Déjà avant d’envoyer Provencher à la Rivière-Rouge, Plessis savait qu’il serait nécessaire de nommer un évêque dans le Nord-Ouest, compte tenu de la distance qui séparait cette région de son siège épiscopal à Québec. Lorsqu’il visita l’Europe en 1819, il exposa ce projet à Londres et à Rome, de même que celui de donner un évêque à Montréal ; Provencher et Jean-Jacques Lartigue* étaient ses candidats. De l’avis de certains membres du clergé canadien, la nomination d’un évêque dans l’Ouest était prématurée, et le choix de Provencher inapproprié. Plessis ne changea pas d’idée. Ayant convaincu le gouvernement à Londres du bien-fondé de son projet, il revint au Bas-Canada en juin 1820 avec les bulles qui avaient été signées à Rome le 1er février et qui proclamaient Provencher évêque auxiliaire et suffragant de l’archevêque de Québec, en même temps que son vicaire général.

Quatre jours après l’arrivée à la Rivière-Rouge de l’abbé Thomas-Ferruce Picard* Destroismaisons le 12 août 1820, Provencher se mit en route pour le Bas-Canada et arriva à Montréal le 17 octobre. Quand Plessis lui remit les bulles à Québec, Provencher demanda le temps de réfléchir. Plessis le nomma provisoirement à la cure de Sainte-Anne, à Yamachiche. En janvier 1821, Provencher écrivit à Plessis qu’il ne pouvait « accepter un fardeau qui [était] si visiblement au-dessus de [ses] forces et de [sa] capacité ». Plessis n’était toutefois pas de cet avis, ainsi qu’il le précisa à Jean Raimbault*, supérieur du séminaire de Nicolet : « Plus je l’étudie, plus je trouve d’uniformité, de bon sens, de gravité et de sagesse dans son caractère. » En mars 1821, Provencher annonça à Plessis sa décision d’accepter les bulles. Il resta au Bas-Canada en 1821 afin d’amasser des fonds pour le soutien de sa mission. Sa consécration eut lieu le 12 mai 1822 à Trois-Rivières ; comme il n’y avait pas encore d’évêché dans le Nord-Ouest, Rome le nomma évêque titulaire de Juliopolis, ancien siège épiscopal de Galatie.

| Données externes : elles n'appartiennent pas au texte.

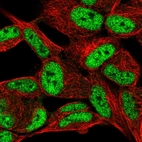 Immunofluorescent staining of human cell line SH-SY5Y shows localization to nucleoplasm.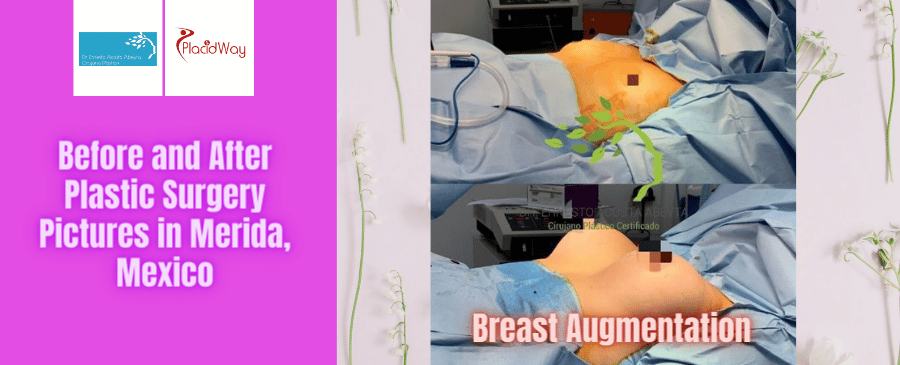 Fotografías de antes y después de cirugía plástica en Mérida, México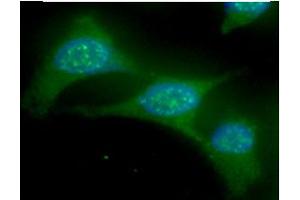 ICC/IF analysis of UBE2L6 in HeLa cells line, stained with DAPI (Blue) for nucleus staining and monoclonal anti-human UBE2L6 antibody (1:100) with goat anti-mouse IgG-Alexa fluor 488 conjugate (Green). (UbcH8/Ube2L6 (AA 1-152) 抗体)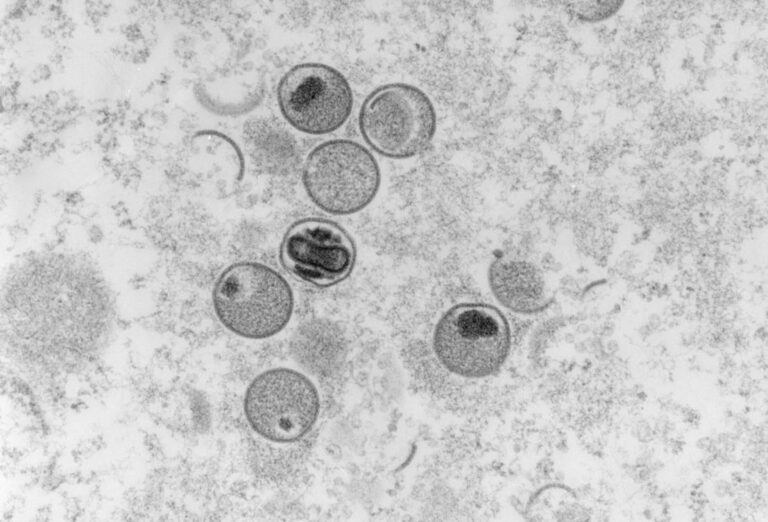 Sudan detects first case of monkeypox in Darfur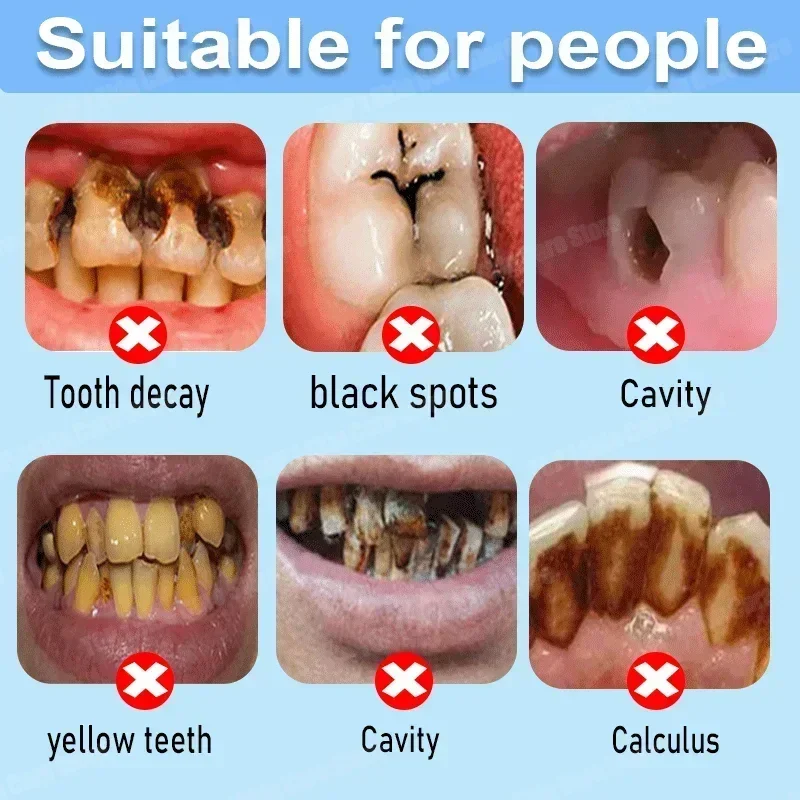 Anti Decay Toothpaste Repairs  - Teeth Whitening Uv recension och pris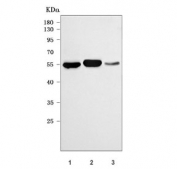 Western blot testing of 1) human MOLT4, 2) mouse thymus and 3) mouse spleen tissue lysate with RAG2 antibody. Predicted molecular weight ~59 kDa.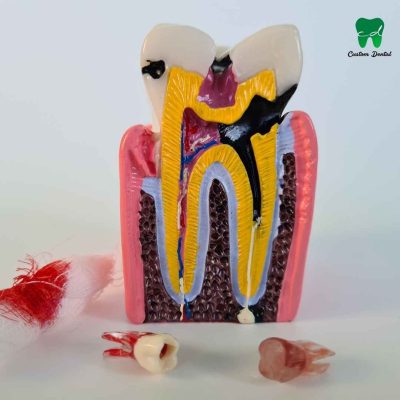 Pulpitis dental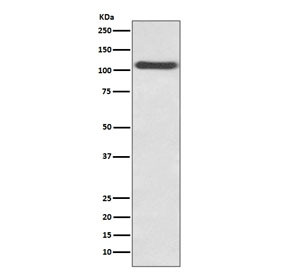Anti-P-Selectin / SELP / CD62P, clone AAEC-19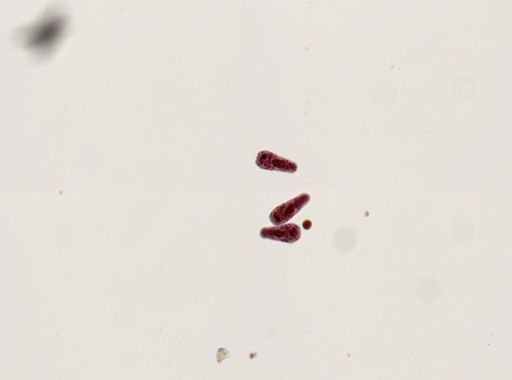 Fasciola hepatica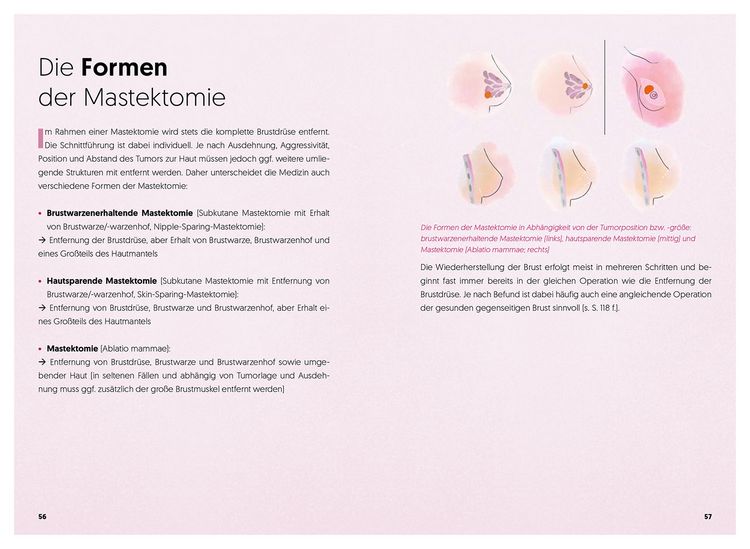 Produktbild: Diagnose Brustkrebs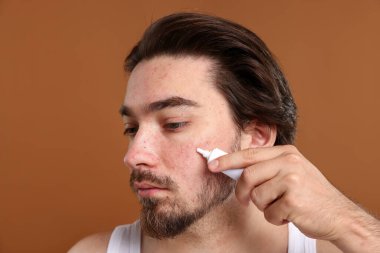 Sivilceli genç bir adam kahverengi arka planda yüzüne krem sürüyor.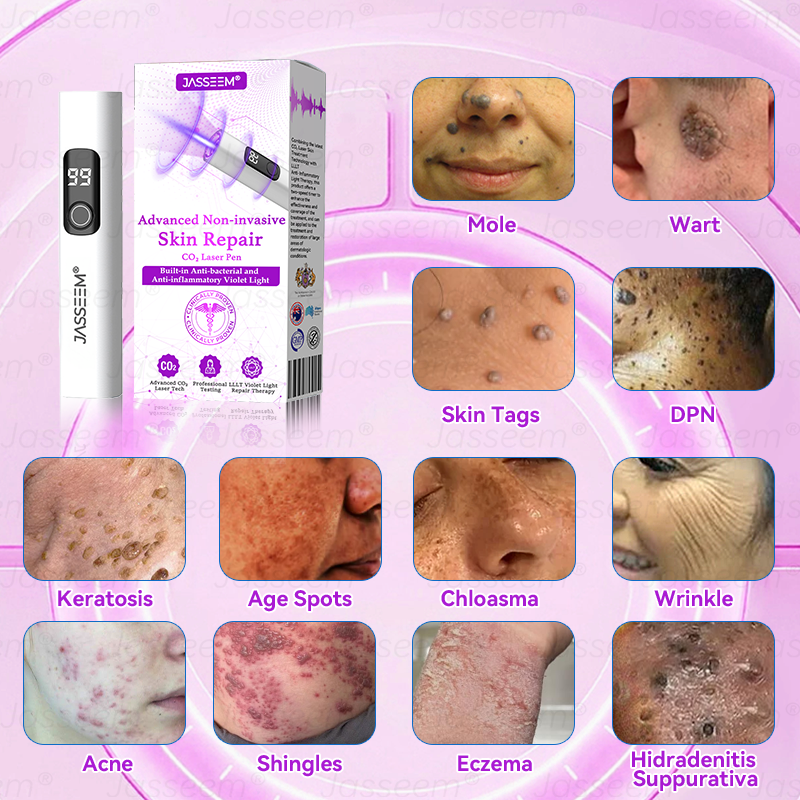 🔥 Only 10 left — 50% off today! 🎉 The 𝐉𝐚𝐬𝐬𝐞𝐞𝐦® Advanced Non-Invasive CO₂ Laser Pen is the perfect gift — whether as a backup for yourself or for family, friends, or someone special.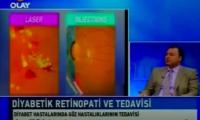 diyabetik-retinopati-tedavisi-hakkinda-bilgi-izle-video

Provencher repartit pour la Rivière-Rouge accompagné d’un jeune prêtre, Jean Harper, le 1er juin. Il parvint à Saint-Boniface le 7 août suivant, peu après le départ de John Halkett, exécuteur testamentaire de lord Selkirk, mort en 1820, et membre du comité de Londres de la Hudson’s Bay Company. Désireux de consolider la colonie établie au confluent de la rivière Assiniboine et de la rivière Rouge, Halkett avait ordonné l’abandon du poste de la Hudson’s Bay Company à Pembina et avait obtenu de Plessis la promesse que la mission catholique serait fermée pour encourager les habitants à revenir à la Rivière-Rouge. Provencher écrivit à Halkett pour lui faire remarquer que l’établissement de Saint-Boniface était incapable de faire vivre tous les résidents de Pembina pendant l’hiver à venir. Pour cette raison, il remit le démantèlement de la mission de Dumoulin à 1823. Ce dernier, plutôt découragé, rentra au Bas-Canada. Mgr Provencher prit alors sur lui de faciliter l’implantation des nouveaux venus à Saint-François-Xavier, dans la prairie du Cheval-Blanc, sur la rivière Assiniboine. Les missionnaires, depuis leur arrivée dans le Nord-Ouest, avaient déjà célébré 800 baptêmes, régularisé ou béni 120 mariages et donné la première communion à 150 personnes. Plus de la moitié de ces sacrements furent administrés à la mission de Pembina.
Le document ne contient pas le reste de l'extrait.